WORK REQUEST => Find all lines in the listing that include the word "Immunohistochemistry", then copy them.

►

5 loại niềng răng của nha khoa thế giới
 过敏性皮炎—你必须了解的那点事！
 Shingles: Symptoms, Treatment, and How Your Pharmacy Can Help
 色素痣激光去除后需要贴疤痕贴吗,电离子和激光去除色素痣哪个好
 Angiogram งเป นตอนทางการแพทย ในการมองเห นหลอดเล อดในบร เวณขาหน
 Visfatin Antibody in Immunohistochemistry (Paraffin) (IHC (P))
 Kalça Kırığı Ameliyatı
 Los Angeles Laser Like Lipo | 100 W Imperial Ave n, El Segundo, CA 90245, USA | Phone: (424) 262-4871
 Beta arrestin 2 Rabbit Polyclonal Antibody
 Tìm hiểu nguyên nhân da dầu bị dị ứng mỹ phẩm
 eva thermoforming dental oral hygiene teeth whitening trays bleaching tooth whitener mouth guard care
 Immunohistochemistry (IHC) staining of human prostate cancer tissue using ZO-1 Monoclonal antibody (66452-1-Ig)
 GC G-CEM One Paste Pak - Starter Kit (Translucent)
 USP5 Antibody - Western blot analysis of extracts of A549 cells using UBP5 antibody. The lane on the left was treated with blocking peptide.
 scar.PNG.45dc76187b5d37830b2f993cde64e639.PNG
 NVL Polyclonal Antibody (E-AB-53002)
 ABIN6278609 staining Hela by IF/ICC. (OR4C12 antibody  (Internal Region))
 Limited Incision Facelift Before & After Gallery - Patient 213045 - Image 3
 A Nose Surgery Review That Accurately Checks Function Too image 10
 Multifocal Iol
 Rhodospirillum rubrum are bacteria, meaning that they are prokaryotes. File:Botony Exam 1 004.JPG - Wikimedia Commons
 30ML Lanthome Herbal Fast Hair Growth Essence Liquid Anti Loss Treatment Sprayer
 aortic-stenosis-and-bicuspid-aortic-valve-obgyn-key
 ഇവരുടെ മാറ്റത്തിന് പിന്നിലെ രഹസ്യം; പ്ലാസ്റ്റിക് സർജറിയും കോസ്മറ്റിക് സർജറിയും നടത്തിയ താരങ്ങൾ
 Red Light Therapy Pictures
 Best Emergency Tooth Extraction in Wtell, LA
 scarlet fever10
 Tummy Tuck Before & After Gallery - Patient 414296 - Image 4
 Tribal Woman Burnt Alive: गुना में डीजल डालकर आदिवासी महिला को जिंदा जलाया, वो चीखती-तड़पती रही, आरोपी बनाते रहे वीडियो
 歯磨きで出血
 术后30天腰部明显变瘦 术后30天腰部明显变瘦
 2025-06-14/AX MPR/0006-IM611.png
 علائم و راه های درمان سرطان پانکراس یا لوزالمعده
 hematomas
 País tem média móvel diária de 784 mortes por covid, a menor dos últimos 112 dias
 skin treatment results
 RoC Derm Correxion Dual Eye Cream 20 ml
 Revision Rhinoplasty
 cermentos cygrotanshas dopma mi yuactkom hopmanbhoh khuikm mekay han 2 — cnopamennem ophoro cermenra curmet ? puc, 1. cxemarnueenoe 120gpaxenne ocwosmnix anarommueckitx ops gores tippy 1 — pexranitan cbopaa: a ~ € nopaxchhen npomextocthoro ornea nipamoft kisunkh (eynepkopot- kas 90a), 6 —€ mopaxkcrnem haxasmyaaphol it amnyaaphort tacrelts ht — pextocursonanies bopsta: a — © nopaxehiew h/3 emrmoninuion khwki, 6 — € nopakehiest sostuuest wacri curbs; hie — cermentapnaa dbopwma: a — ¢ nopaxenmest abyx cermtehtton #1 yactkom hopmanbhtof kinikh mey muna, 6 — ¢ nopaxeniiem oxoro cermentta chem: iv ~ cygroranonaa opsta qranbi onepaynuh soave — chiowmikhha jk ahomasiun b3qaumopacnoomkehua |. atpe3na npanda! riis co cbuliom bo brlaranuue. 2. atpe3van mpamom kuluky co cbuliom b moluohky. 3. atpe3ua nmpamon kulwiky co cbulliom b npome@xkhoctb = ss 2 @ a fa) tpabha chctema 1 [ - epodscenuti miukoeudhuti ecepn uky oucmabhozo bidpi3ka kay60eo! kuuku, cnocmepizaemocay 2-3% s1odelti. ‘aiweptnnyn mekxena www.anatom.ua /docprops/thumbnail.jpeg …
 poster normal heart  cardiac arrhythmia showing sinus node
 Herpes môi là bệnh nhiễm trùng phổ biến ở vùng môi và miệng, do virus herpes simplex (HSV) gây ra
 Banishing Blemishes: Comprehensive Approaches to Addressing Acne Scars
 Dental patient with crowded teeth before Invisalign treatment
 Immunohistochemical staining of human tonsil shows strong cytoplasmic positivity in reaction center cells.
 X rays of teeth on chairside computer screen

◄

ANSWER SECTION =>
 Visfatin Antibody in Immunohistochemistry (Paraffin) (IHC (P))
 Immunohistochemistry (IHC) staining of human prostate cancer tissue using ZO-1 Monoclonal antibody (66452-1-Ig)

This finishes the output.